Second Base: Lance Zawadzki
Zawadzki’s a former Padre who went 7 for 35 in limited time with San Diego in 2010, though he’s been a career minor leaguer outside of that. But there’s no need to worry about this position for Atlanta, as former All-Star Dan Uggla has started all of the Braves’ 70 games at second this year. 2010 fifth-round pick Philip Gosselin could make his way up here eventually, but he’s hitting .260 with no home runs in Double-A.
Shortstop: Tyler Pastornicky, Josh Wilson
The 22-year-old Pastornicky was Atlanta’s opening-day shortstop, but the Braves sent him back to Triple-A after a .248 average in 45 games. It likely won’t be the last time Pastornicky steps on a major league field – and honestly, the move shows long-term faith in the shortstop. Pastornicky could have stayed in the major leagues in place of the .175-hitting Jack Wilson, but Atlanta would prefer regular at-bats for Pastornicky. Meanwhile, Josh Wilson (no relation) is a long-time veteran who once played for nine teams in a four-year span. He played in 60 games with Arizona and Milwaukee last year, though he’s just a .227 career big league hitter with nine home runs. Another top prospect, Andrelton Simmons, has become Atlanta’s regular starter. And he’s performed quite well, with a .323/.368/.500 slash line in 18 games.
Third Base: Ruben Gotay
This was Joey Terdoslavich’s position for most of the season, but the 23-year-old hit just .180 in 53 games before being reassigned to Double-A. Terdoslavich broke a Carolina League record last season with 52 doubles and was so impressive that he originally skipped Double-A, but it turns out the jump was a bit too high to handle. So it’s now manned by the veteran Gotay, who’s only 7 for 42 in 13 games. Former Louisville Bats infielder Juan Francisco currently owns the position of Chipper Jones’ backup in the major leagues, where he’s posted just a .243 on-base percentage, but it doesn’t appear his job’s in any sort of jeopardy.

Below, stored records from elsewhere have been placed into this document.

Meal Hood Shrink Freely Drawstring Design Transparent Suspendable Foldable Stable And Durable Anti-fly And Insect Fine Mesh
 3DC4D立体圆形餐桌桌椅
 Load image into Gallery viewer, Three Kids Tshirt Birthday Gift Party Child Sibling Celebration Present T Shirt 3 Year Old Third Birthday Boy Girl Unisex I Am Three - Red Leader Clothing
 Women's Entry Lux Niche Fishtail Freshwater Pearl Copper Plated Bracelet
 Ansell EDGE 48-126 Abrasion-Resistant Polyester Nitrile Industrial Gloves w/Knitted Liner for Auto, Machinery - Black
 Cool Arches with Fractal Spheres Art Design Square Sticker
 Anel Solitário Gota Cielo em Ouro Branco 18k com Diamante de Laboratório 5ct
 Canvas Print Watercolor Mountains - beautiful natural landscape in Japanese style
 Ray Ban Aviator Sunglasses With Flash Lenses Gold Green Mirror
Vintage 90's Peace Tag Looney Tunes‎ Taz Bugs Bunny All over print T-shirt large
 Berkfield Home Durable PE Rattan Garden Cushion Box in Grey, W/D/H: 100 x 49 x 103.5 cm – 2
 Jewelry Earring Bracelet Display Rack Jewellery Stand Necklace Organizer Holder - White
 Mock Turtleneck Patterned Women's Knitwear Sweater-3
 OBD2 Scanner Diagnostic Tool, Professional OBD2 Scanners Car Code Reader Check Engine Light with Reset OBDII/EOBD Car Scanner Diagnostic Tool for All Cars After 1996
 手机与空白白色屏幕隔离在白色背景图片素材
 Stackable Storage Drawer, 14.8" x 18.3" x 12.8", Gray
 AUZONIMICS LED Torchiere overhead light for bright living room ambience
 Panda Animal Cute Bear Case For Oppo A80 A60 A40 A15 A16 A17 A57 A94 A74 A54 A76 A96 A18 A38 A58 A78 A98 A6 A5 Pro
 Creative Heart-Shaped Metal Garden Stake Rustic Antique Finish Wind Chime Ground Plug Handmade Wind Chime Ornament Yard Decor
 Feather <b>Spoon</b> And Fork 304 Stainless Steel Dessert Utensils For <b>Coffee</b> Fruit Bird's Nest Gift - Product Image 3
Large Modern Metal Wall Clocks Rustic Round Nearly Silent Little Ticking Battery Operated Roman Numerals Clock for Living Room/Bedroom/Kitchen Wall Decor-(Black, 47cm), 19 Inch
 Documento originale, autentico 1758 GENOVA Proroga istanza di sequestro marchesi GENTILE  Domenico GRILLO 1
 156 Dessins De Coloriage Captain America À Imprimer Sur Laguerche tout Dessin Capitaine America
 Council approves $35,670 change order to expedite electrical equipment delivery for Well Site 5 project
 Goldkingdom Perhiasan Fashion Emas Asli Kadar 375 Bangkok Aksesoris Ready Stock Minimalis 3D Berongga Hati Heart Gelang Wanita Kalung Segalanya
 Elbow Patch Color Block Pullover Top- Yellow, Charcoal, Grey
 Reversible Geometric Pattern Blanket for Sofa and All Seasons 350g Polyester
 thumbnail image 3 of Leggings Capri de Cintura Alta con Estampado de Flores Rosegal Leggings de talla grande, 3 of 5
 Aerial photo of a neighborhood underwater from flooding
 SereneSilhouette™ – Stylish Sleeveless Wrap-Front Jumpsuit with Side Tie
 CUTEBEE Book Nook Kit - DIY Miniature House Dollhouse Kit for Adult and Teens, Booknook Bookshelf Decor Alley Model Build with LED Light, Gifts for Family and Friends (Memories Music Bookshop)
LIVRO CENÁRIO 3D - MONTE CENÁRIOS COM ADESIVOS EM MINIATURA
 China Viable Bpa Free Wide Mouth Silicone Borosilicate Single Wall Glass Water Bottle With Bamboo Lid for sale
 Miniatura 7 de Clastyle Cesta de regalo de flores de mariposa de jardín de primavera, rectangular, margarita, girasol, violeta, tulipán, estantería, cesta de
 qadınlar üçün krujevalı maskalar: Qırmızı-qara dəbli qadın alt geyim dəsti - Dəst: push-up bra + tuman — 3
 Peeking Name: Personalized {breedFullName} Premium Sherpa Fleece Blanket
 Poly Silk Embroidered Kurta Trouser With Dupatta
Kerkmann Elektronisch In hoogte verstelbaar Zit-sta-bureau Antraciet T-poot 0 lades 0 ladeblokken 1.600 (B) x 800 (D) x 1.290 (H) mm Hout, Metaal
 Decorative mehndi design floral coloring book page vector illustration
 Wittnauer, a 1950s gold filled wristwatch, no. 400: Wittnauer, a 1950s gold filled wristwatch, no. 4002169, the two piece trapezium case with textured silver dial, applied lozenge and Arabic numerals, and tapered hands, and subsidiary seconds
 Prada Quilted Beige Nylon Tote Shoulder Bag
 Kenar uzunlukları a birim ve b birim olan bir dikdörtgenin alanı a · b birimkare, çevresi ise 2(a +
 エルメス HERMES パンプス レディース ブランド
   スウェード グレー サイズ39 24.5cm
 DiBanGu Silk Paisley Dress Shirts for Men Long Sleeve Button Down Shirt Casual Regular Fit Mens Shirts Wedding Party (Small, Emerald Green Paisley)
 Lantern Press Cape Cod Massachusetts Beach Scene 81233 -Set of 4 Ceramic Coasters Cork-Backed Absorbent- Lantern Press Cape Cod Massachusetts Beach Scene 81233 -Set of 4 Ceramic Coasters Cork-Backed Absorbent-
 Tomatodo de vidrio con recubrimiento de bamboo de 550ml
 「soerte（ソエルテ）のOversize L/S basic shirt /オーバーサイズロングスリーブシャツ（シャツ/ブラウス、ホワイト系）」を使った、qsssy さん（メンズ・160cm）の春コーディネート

Outfield: Jose Constanza, Luis Durango, Stefan Gartrell, Felix Pie
Unless there’s an injury, it doesn’t seem like Atlanta’s going to need anyone from here. With Jason Heyward, Michael Bourn, Martin Prado and lefty-masher Matt Diaz, the Braves are just about set up in the major leagues. Constanza would be the easy – and logical – choice to go up first. He’s the only 40-man member of this bunch, and he hit north of .300 with both the G-Braves and A-Braves (does that work?) last season. Gartrell was unleashing his case after being named the IL Player of the Month in May, but a June slump’s knocked him down to .242/.343/.422 for the season. Durango, a .280 hitter, leads the IL with 27 stolen bases, while Pie’s a former big leaguer hitting .281 in 38 games. It’s a group that’s certainly the offensive strength of Gwinnett this season.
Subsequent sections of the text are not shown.